- Work request -
Copy the entries below exactly. Images do not belong in the copy.
##########
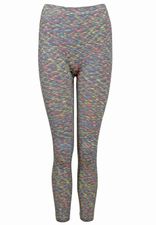 Stylische und komfortable 7/8 Sport-Leggings. Stylische und komfortable 7/8 Sport-Leggings.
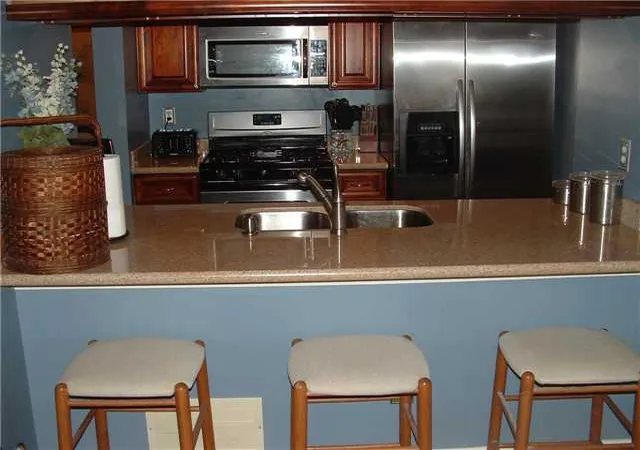 Condominium at 5487 Ambrosia Ave #35d, Columbus, OH 43235 | MLS# 210008271 | | Sold on 2010-05-26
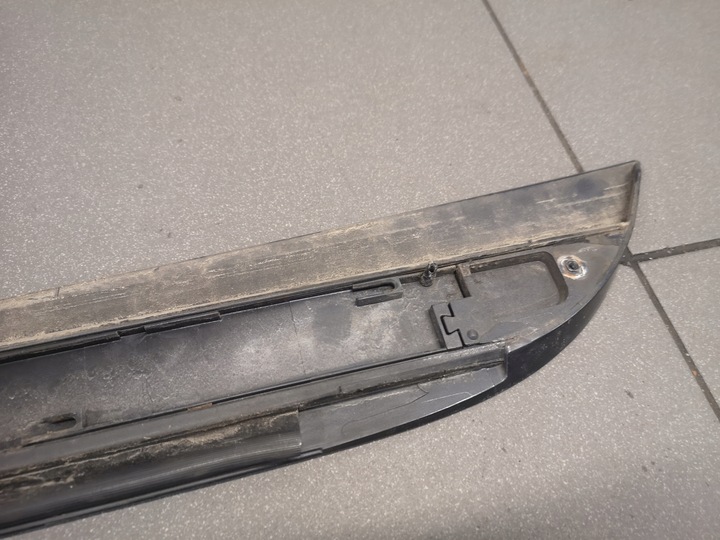 фото №9, Нижняя планка дверь правый зад lz9y audi a6 c6 059130111d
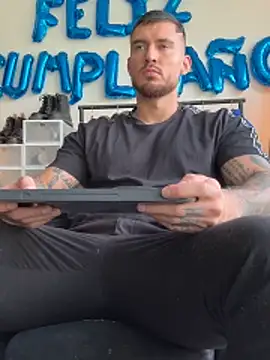 Snapshot of DimitriSullivan_ chatting on 18, 6, 2026 DimitriSullivan online show from 18, 6, 2026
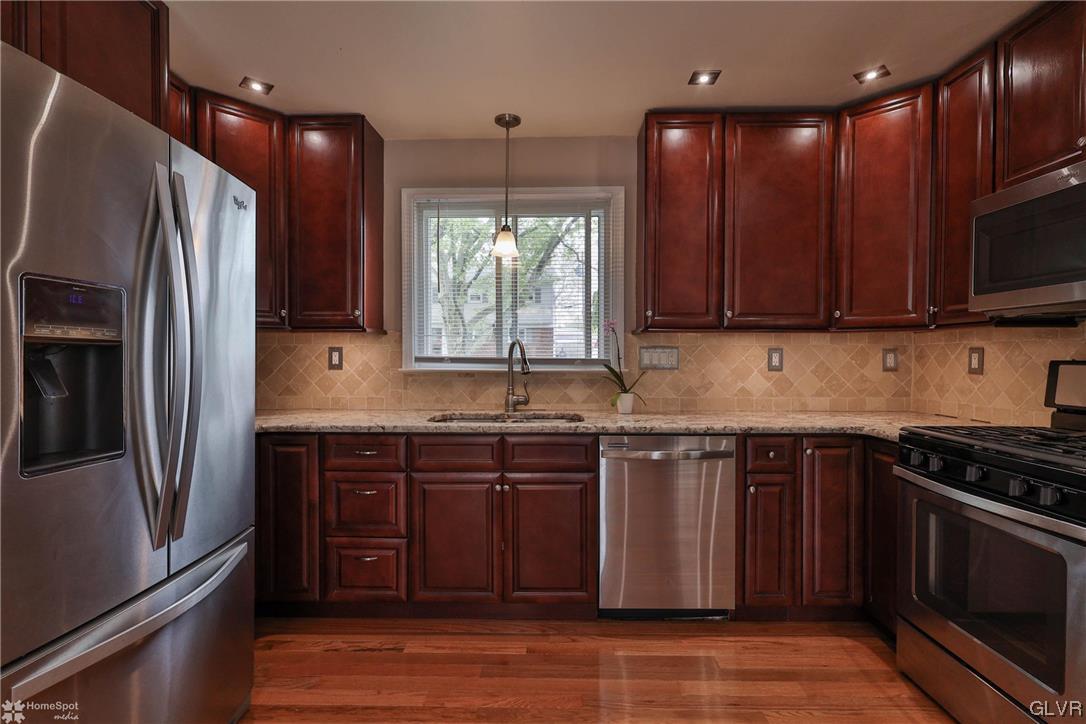 2274 Barrington Road Bethlehem, PA 18018 - Photo 33 of 50 Gallery Image 33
##########
- Answer to the exercise -
 Stylische und komfortable 7/8 Sport-Leggings. Stylische und komfortable 7/8 Sport-Leggings.
 Condominium at 5487 Ambrosia Ave #35d, Columbus, OH 43235 | MLS# 210008271 | | Sold on 2010-05-26
 фото №9, Нижняя планка дверь правый зад lz9y audi a6 c6 059130111d
 Snapshot of DimitriSullivan_ chatting on 18, 6, 2026 DimitriSullivan online show from 18, 6, 2026
 2274 Barrington Road Bethlehem, PA 18018 - Photo 33 of 50 Gallery Image 33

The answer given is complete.